Task to complete: Copy, from the material below, each line that contains the word "Hotel".

Data excerpts:
□ □ □ □ □

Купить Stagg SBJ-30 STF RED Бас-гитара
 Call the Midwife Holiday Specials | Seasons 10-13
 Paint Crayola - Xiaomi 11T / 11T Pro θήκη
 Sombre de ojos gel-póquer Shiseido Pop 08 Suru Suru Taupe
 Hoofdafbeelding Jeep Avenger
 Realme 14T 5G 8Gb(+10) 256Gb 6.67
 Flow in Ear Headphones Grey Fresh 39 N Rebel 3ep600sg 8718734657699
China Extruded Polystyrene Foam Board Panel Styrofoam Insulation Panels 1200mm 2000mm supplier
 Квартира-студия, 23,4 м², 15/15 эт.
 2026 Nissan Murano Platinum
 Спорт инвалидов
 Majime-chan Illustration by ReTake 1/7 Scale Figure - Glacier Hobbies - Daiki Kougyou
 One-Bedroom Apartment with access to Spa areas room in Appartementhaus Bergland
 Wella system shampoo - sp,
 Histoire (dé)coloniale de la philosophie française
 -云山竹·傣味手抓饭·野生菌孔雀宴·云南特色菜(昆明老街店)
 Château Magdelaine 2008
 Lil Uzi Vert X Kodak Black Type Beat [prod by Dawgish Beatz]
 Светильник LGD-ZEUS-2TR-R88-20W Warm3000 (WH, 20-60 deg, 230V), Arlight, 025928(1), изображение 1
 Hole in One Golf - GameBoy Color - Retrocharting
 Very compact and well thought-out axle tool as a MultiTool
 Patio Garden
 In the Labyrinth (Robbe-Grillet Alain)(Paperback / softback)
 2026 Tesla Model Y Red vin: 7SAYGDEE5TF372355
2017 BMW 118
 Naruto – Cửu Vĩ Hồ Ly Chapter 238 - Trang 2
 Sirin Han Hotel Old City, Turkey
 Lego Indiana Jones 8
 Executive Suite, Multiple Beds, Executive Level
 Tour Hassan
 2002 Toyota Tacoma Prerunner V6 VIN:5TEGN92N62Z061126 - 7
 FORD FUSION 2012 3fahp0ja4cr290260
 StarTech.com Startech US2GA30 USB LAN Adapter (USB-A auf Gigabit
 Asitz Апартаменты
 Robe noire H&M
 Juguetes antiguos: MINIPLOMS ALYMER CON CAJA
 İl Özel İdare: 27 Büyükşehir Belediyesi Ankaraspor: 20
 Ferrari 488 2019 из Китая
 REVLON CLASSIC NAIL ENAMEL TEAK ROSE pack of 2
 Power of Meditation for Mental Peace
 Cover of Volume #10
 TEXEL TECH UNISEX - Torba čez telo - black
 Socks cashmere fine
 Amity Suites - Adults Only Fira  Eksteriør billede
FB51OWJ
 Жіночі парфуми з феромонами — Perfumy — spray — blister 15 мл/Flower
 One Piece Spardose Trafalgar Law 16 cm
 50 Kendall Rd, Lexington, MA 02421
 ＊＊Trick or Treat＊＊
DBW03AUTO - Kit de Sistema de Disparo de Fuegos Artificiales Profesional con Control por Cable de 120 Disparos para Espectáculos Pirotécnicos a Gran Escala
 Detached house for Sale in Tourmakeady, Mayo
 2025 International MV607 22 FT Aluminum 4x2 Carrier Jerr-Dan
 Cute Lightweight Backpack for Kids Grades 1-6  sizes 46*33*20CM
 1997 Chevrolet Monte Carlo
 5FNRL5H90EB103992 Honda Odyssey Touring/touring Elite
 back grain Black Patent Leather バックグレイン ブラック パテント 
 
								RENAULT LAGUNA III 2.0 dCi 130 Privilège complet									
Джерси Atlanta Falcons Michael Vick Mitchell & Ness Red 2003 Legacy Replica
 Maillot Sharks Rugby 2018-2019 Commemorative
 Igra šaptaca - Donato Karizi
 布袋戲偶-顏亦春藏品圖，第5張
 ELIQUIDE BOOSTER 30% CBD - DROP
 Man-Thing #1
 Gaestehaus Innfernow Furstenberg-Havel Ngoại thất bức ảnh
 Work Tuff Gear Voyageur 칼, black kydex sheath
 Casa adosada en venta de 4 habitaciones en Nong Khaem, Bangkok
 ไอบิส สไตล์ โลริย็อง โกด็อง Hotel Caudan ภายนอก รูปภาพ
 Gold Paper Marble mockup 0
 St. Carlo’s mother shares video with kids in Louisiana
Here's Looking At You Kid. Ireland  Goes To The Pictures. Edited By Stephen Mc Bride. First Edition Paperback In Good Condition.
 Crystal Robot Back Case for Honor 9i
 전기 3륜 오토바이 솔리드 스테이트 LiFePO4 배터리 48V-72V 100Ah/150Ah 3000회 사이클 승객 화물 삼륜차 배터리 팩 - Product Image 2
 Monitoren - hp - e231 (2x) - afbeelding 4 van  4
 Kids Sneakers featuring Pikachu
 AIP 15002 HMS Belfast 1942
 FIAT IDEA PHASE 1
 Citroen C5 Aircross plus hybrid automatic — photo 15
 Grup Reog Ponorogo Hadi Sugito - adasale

□ □ □ □ □

Exercise result:
 Sirin Han Hotel Old City, Turkey
 ไอบิส สไตล์ โลริย็อง โกด็อง Hotel Caudan ภายนอก รูปภาพ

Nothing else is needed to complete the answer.